How to Clean & Care for Your Boat Cover
A few simple habits keep your cover water-repellent, mildew-free, and protecting your boat for years. Here’s the right way — and what to avoid.
Rinse the cover with fresh water often, brush off debris before it stains, and deep-clean a few times a year with mild soap and a soft brush. Always let it fully dry before storing. Never machine-dry it or use harsh solvents, and re-apply a fabric guard when water stops beading.
Routine care (the 2-minute habits)
Most cover care is prevention. Keep up these and you’ll rarely need a deep clean:
- Rinse regularly with fresh water to wash off salt, dust, and pollen before they set in.
- Brush off debris — leaves, bird droppings, and sap — promptly, so they don’t stain or etch.
- Don’t let water pool. Use a support pole/peak so rain sheds off; standing water is what grows mildew and stretches fabric.
- Keep it ventilated. Vents let interior moisture escape so mold doesn’t take hold underneath.
Deep cleaning, step by step
A few times a season, give the cover a proper clean. The safe, fabric-friendly method:
- Brush off loose dirt while the cover is dry.
- Mix a mild soap (or a marine fabric cleaner) with cool-to-lukewarm water.
- Scrub gently with a soft-bristle brush, working in sections.
- Rinse thoroughly until all soap is gone — leftover detergent attracts dirt.
- Air-dry completely before folding or putting back on the boat.
Tackling the common stains
Mildew & mold
Scrub with soapy water first. For stubborn mildew on acrylic fabric, a diluted bleach solution can be used per the fabric maker’s recipe; rinse well and dry fully. Prevent it by storing the cover dry and keeping the boat ventilated.
Bird droppings & sap
Remove promptly — droppings are acidic and sap hardens.
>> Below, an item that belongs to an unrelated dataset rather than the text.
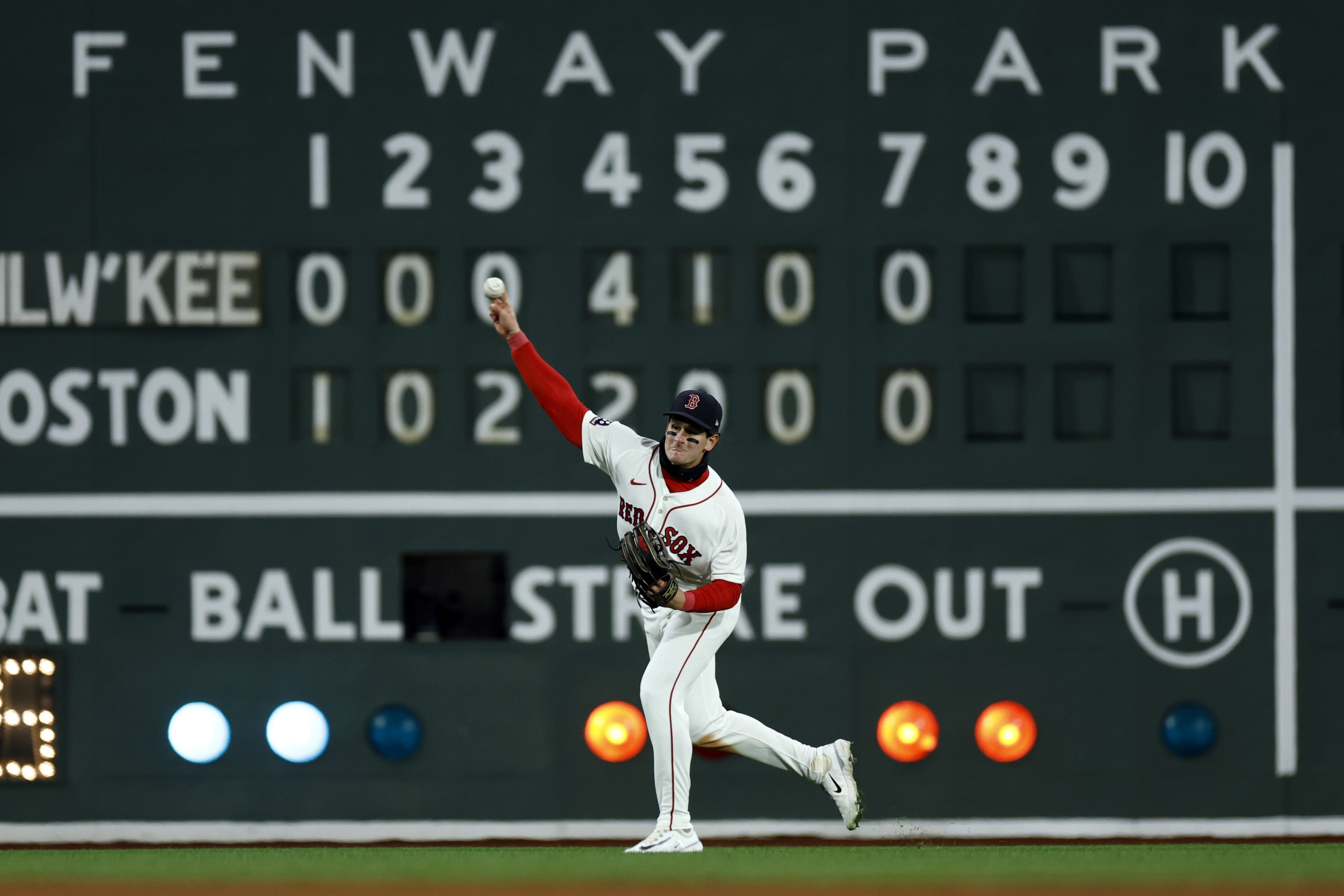 How concerned should the Red Sox be about Roman Anthony’s arm?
Soften with warm soapy water and lift gently with a soft brush rather than scraping.
Salt & grime
A regular fresh-water rinse is the fix. Salt left to build up is abrasive and holds moisture against the fabric.
Lost water beading
When water soaks in instead of beading, the repellent finish has worn. Clean, dry, then apply a marine fabric guard to restore it.
Restore the water repellency
Every water-repellent finish wears down over time — from sun, washing, and handling. When you notice water no longer beads and rolls off, it’s time to re-treat. Clean and fully dry the cover, then apply a marine-grade fabric guard evenly. This is the single best thing you can do to extend a cover’s life and keep it shedding rain.
What not to do
- Don’t machine-dry or use high heat — it can shrink fabric and ruin coatings.
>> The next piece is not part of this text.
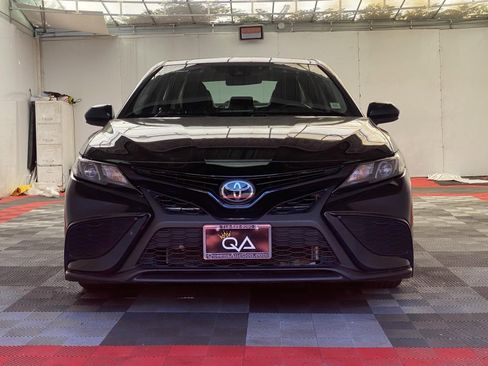 Used 2021 Toyota Camry SE FWD image 2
- Don’t use harsh solvents, petroleum cleaners, or strong degreasers — they strip the water-repellent finish.
- Don’t blast it with a close-range pressure washer — it forces water through and can damage seams.
- Don’t fold or store the cover while it’s wet — that’s how mildew starts.
- Don’t scrub with stiff/wire brushes that abrade the fabric.
Storing the cover off-season
When the cover comes off for the season, clean it, let it dry completely, and fold it loosely into a breathable bag — not sealed plastic, which traps moisture. Store it somewhere dry and rodent-free. A little care here means it’s ready to protect again next season.
Frequently asked questions
How often should I clean my boat cover?
Rinse it regularly and brush off debris as it lands; do a full soap-and-water clean a few times a season, or sooner if you see staining or mildew.
Can I use bleach on my cover?
Only if your fabric allows it. Solution-dyed acrylic (Sunbrella) tolerates a diluted bleach solution for heavy mildew; many polyesters don’t. Check the fabric maker’s guidance and test a hidden spot first.
Can I put my boat cover in the washing machine?
No — machine washing and especially machine drying can damage the fabric, seams, and water-repellent coating. Hand-clean and air-dry instead.
How do I get water to bead again?
Clean and fully dry the cover, then apply a marine fabric guard. The factory repellency wears off over time and re-treating restores it.